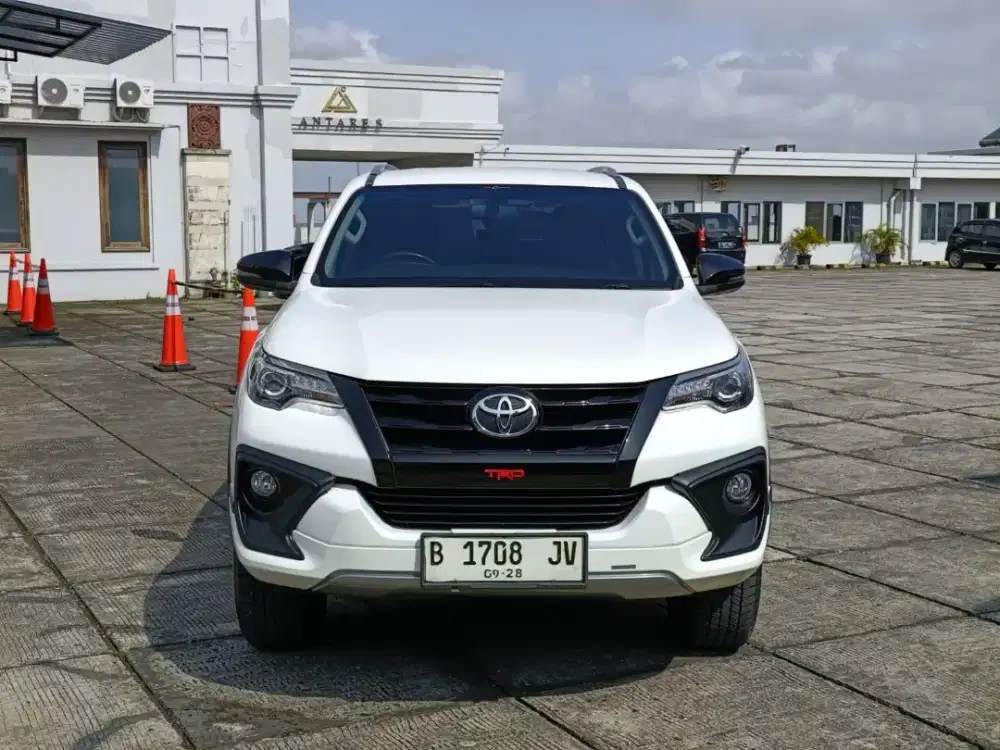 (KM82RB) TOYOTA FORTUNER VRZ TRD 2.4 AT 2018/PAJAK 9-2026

- - - - -

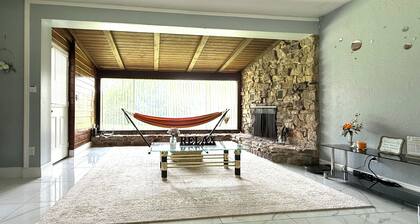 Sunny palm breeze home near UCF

- - - - -

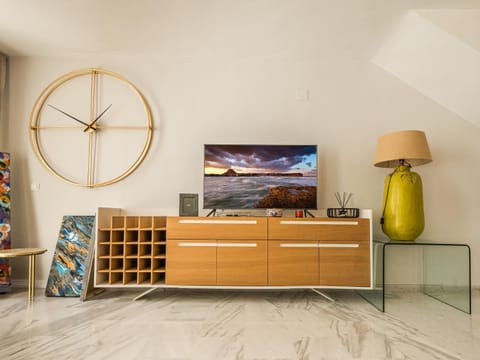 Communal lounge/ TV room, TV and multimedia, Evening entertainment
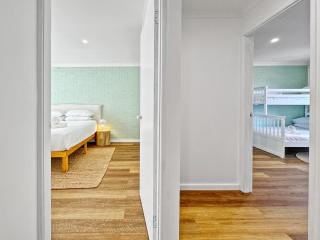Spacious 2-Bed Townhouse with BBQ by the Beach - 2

- - - - -

TASK DIRECTIONS
Among the entries above, find the line with "Communal lounge/ TV" and repeat exactly from there through the line with "Spacious 2-Bed Townhouse", leaving out the pictures.

THE ANSWER
 Communal lounge/ TV room, TV and multimedia, Evening entertainment
Spacious 2-Bed Townhouse with BBQ by the Beach - 2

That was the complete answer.